An exhibition in the Museu Marès focuses on the work of sculptor Aristides Maillol and his trip to see the antiquities of Greece in 1908

'I do not go to Greece to learn anything, I go to see statues before the sea'

It is beautiful; it means nothing.” Nobel prizewinning author André Gide needed no grand words to praise Aristides Maillol's (Banyuls-sur-Mer, 1861-1944) The Mediterranean, in 1947. It was a work that inaugurated a new era in sculpture that would eventually lead to the abstraction of Henry Moore. The artist from French Catalonia finished the work in 1905, not long after abandoning painting in favour of sculpture. A century later, The Mediterranean adorns the patio of the Museu Marès in Barcelona, with a huge photo of its creator staring out at the sea that gives his singular piece its name as a backdrop.

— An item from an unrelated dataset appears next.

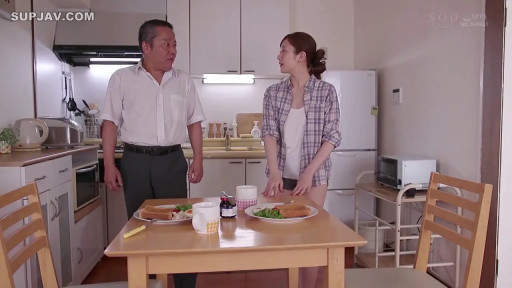 超短裤 · 会話 · 全身 · 站立 · 自然 · 餐厅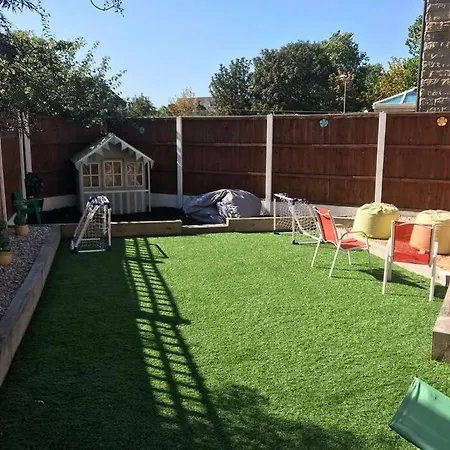 Immaculate 3-bed House, With Private Garden. Hébergement de vacances Manchester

The Mediterranean is the cornerstone of the exhibition, Maillol i Grècia, which brings together a small collection of the artist's works and dissects a crucial moment in the career of a sculptor who had such a strong influence on the noucentista movement: his trip to Greece in 1908: “It is in the Hellenic sculptural tradition that Maillol reaffirms himself. He discovered nothing new in Greece, but had everything confirmed,” says Àlex Susanna, the exhibition's curator. The Mediterranean, and the small sculpture Leda, also on display, were finished before the sculptor went to Greece, but show his interest in the sleek, compact forms of antiquity.

Maillol went to Greece looking for what Picasso sought in Africa and what Gauguin sought in Oceania: the purity of art. Yet, as Susanna says, Maillol already had what he was looking for in his head: “I do not go to Greece to learn anything, I go to see statues before the sea” he wrote in his diary at the time, a document that has been an invaluable source of inspiration for the exhibition.

Accompanied by the German patron of the arts, Harry Kessler, and the Austrian writer, Hugo von Hofmannsthal, Maillol spent five weeks in Greece, avidly visiting everything but interpreting what he saw in his own unique way. The world famous Charioteer of Delphi, for example, disappointed him and in his diary he declared the ancient statue to be “dead”.

Most of the 23 pieces on display in the Museu Marès exhibition, which runs until January 31, have been lent by the Musée Maillol in Paris, which is currently being renovated.